··· Data section ···

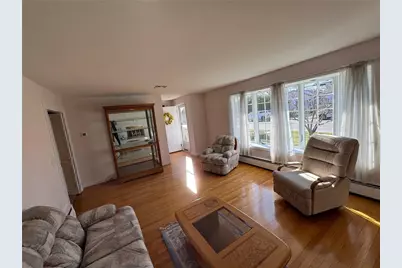1047 Narragansett Parkway, Warwick, RI 02888 - Photo 6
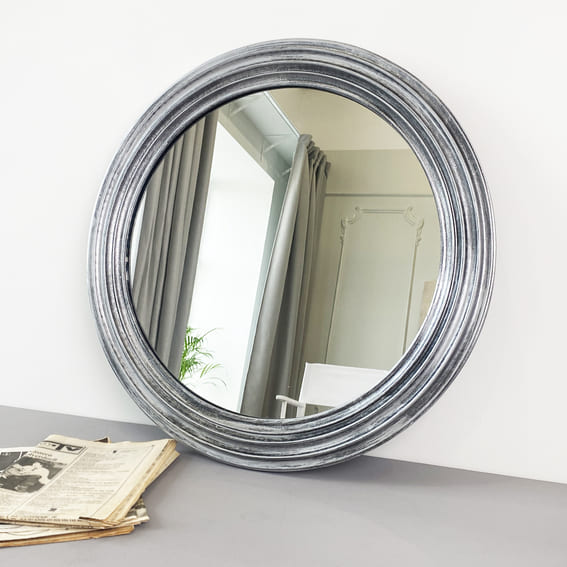 Фото - зеркало Новая классика круглое античное серебро 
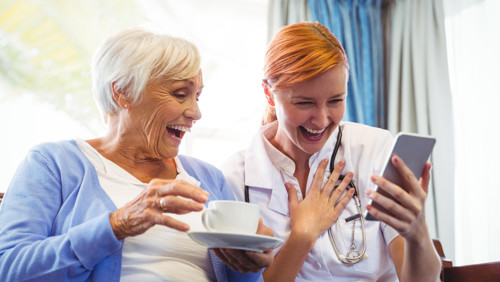 dokter met patiënt aan het lachen dokter met patiënt aan het lachen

···

__Exercise aim__
The answer is the full listing above, repeated exactly, with its pictures removed.

__Output for this exercise__
1047 Narragansett Parkway, Warwick, RI 02888 - Photo 6
 Фото - зеркало Новая классика круглое античное серебро 
 dokter met patiënt aan het lachen dokter met patiënt aan het lachen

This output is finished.